Las cosas adversas o favorables no son las que cuentan para los verdaderos hijos de Dios, sino la actitud hacia ellas en su espíritu y en su mente. Todo lo ponderan con criterios sabios de discernimiento espiritual, a la luz de la Palabra de Dios, y las interpretan consecuentemente.
Saben que forman parte de toda una inmensa realidad eterna donde todo es cuidadosamente pesado y calibrado; tienen su porqué y para qué, y no necesitan saber más.
Hoy vivimos tan pendientes de lo que piensan las gentes de nosotros que hacemos de nuestras vidas una continua esclavitud. La gente se abstiene de muchas cosas realmente necesarias y que no pueden adquirir, y en cambio de una sola vez, por un compromiso o fiesta, gastan en «prestigio» y apariencias lo que fácilmente les hubiera proporcionado aquello que verdaderamente necesitan.
Ahorran en alimentos, cultura, etc., y en un día, todo lo derrochan para tratar de impresionar a los demás.
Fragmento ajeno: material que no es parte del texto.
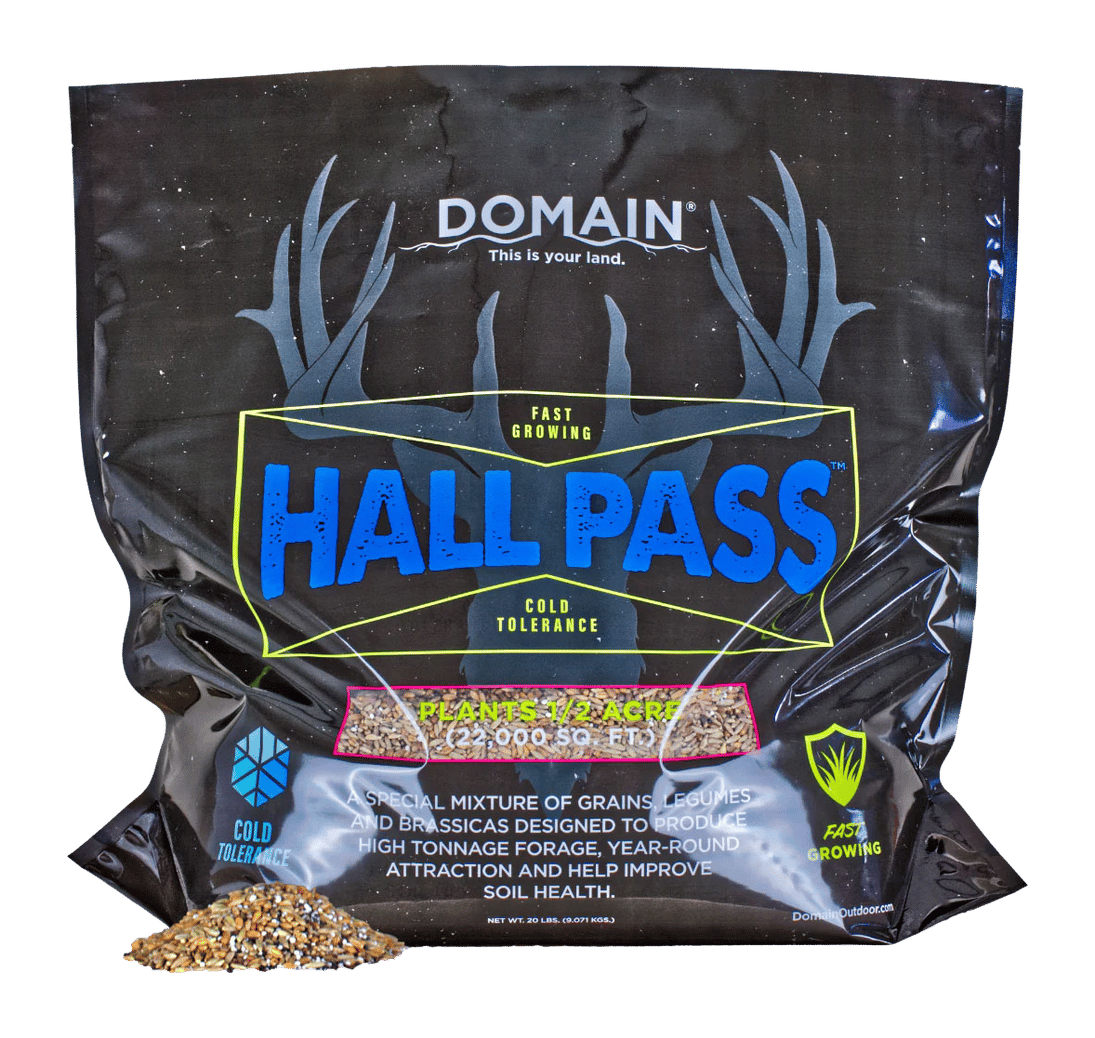 DOMAIN HPFP20      HALL PASS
De ahí surgen discrepancias y apuros en las familias, pero, tercamente, las gentes se auto-flagelan con estas vanidades.
Todo, para que la imagen que quieren proyectar de sí mismas no se deteriore. Y si por cualquier motivo esto se desmorona, ya vemos a las gentes descompuestas y desesperadas, redoblando esfuerzos para recuperar... ¡la imagen!
« ¡Pobre separado/a!», dicen todos de ese hombre/mujer que ha sido cruelmente calumniado, burlado y despojado por su infiel esposa/o. Ni siquiera a sus hijos puede visitar. Pero aquella sacudida le sirvió para echar fuera de él la vanidad y la falsa confianza en el ser humano Aprendió circunspección y serenidad.
Meditó sobre lo efímero de eso que llaman felicidad mundana y, convertido al Señor, fue posteriormente creyente destacado y considerado por donde quiera que iba.
La gente, todavía hoy, lo mira con extrañeza, pero con un respeto y un reconocimiento especial. Tal vez le consideran desgraciado, siendo como es el más sereno, dichoso y esperanzado. ¿Qué saben ellos de su interior?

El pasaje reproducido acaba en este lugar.